Though there is lots of evidence of states retreating from high-stakes teacher evaluations (a topic of a forthcoming NCTQ report), you'd be hard-pressed to find anyone who doesn't think evaluations ought to be fair and accurate, no matter how they are used. That includes being relatively consistent.
A new study calls attention to unfortunate consistency problems—even in an evaluation system that appears to align with best practices—concerning enough to warrant additional study and, perhaps, some adjustments in practices.
Examining New Mexico's NMTEACH evaluation system, researchers Sy Doan of Vanderbilt University and Jonathan Schweig and Kata Mihaly of RAND Corporation find that as many as 40 percent of teachers would have received a different composite rating (using simulated scores built from the typical range of scores teachers earn) if evaluated again that same school year.
High rates of inconsistency like these could be reduced by improving the reliability of individual measures feeding into the evaluations. For example, better consistency can be achieved by adding more observations involving multiple raters, or when student surveys are used, setting a minimum number of responses for the responses to be considered valid.
Value-added measures (VAMs) of teacher performance produced the most inconsistencies, especially when they comprised a larger share of the summative measure, but those too can be reduced by using a composite VAM score based on a three-year average, not a single year. In addition to this long-recommended practice, researchers suggest setting a minimum number of students contributing to the VAM score in order to generate more accurate VAM results.

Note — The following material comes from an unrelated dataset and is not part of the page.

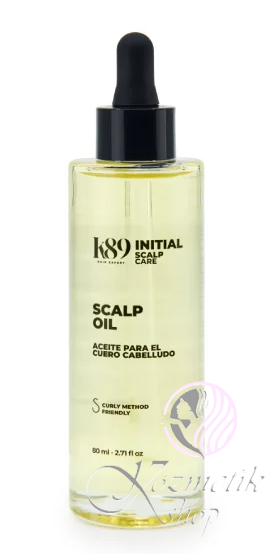 K89 Scalp Care Initial Scalp Oil – Čistiaci a detoxikačný olej na pokožku hlavy 80 ml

One finding suggests that using four or five rating levels may have a downside. It turns out that a five-level system exposes the evaluation to more inconsistency than a three-level system, with the majority of these inconsistencies found in the middle—where most teachers' ratings fall. Fewer classifications may be prudent, but importantly, each rating category needs to serve a real purpose (e.g. they are attached to specific interventions). It also suggests that summative teacher evaluation ratings may still be useful for high-stakes decisions about teachers at the high and low extremes of the scale, where ratings are more consistent.
While this analysis offers helpful practical advice, it is important to note that the study isolated consistency without examining the overlap with accuracy. (The researchers themselves note that teachers' ratings should naturally be somewhat inconsistent from year to year, as teachers improve over time.) One of the solutions available to schools is to place heavier emphasis on observations to achieve more consistent results, but since observations are more open to bias, this step could result in a less accurate rating.
The emerging research from an early adopter state like New Mexico suggests that states and districts would be wise to build nimble, flexible systems that are amenable to mid-course corrections.